2.   The extent to which income poverty is determined on the micro level (using data from the Microcensus) among people over 65 years of age according to socio-demographic characteristics (e.g. gender, age, ethnic background, marital status, educational level, most recent occupation, etc.), household-related variables (e.g. life partner, children or grandchildren in the household, living situation, etc.) and contextual variables (e.g. unemployment rate and social assistance levels at the local level).

 

Development of poverty among the elderly

 

The number of people over 65 receiving basic social security benefits has risen significantly in recent years. In 2012, 465,000 people over 65 in Germany (2.7 percent) received basic social security benefits, which is 6.6 percent more than the year before (436,000) and 13.4 percent more than in 2008 (source: German Federal Statistical Office). 14.3 percent of the population over 65 can be described as income poor.

 

Causes of poverty among the elderly

There are various causes of poverty among older people.

 

 

The economic situation of Germany’s retirees is largely determined by the regular pension payments they receive and any adjustments to pension payments that are approved.
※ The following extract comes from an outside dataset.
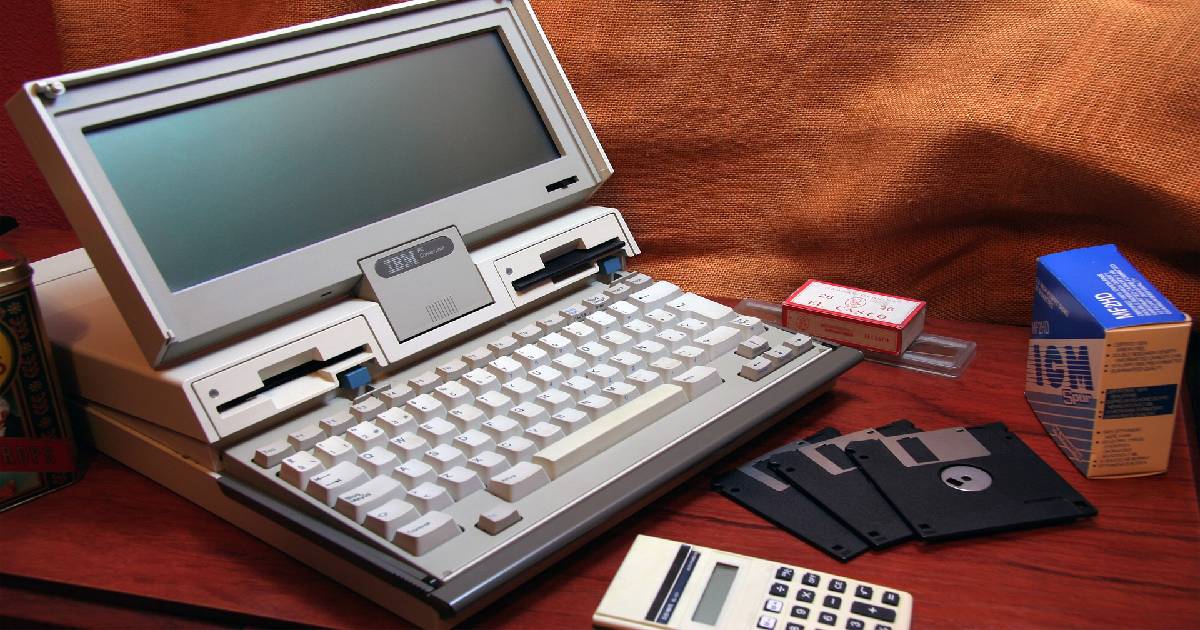 Nuestra vida desde que llegó el primer computador a Colombia: el IBM 650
Personal provisions for old age and personal wealth play a minor role and are usually only meaningful for people who receive larger pension payments. Therefore, one expects that people with below-average income at the age of retirement will experience poverty in later life (a more or less permanent situation). Incomplete or fragmented work histories and part-time or temporary employment are generally seen as a cause of poverty in the senior population, since this means less money has been paid to government pension programs and lower payments can be expected when participants retire. In addition, the risk of poverty depends on the household itself, elderly couples are less affected by poverty than elderly individuals living alone. This difference can generally be explained by redistribution processes taking place within the home. A steady increase in single-person senior households, as officially documented and forecast (German Federal Statistical Office 2011), must also be seen as a reason to expect higher poverty levels among the elderly in the future.

 

 

Women are not the only ones threatened with poverty in old age because of fragmented work histories (which often result from taking time off to raise children or care for family members). Full-time employees who have paid into statutory pension programs over the course of their entire working lives are also at risk in later years if the payments they receive after retiring are not high enough to keep them out of poverty.

 

 

In addition to the impact of gender-related occupational differences, retirement payments can vary considerably by region even when the individuals in question have retired from the same occupation and had a similar level of training. As a result, people living in economically weaker areas sometimes receive a significantly lower amount on a gross monthly basis than the average for the state as a whole.

 

 

The study on poverty among the elderly is expected to be completed by October 2015. However, the project will continue to focus on the issues of poverty and social deprivation.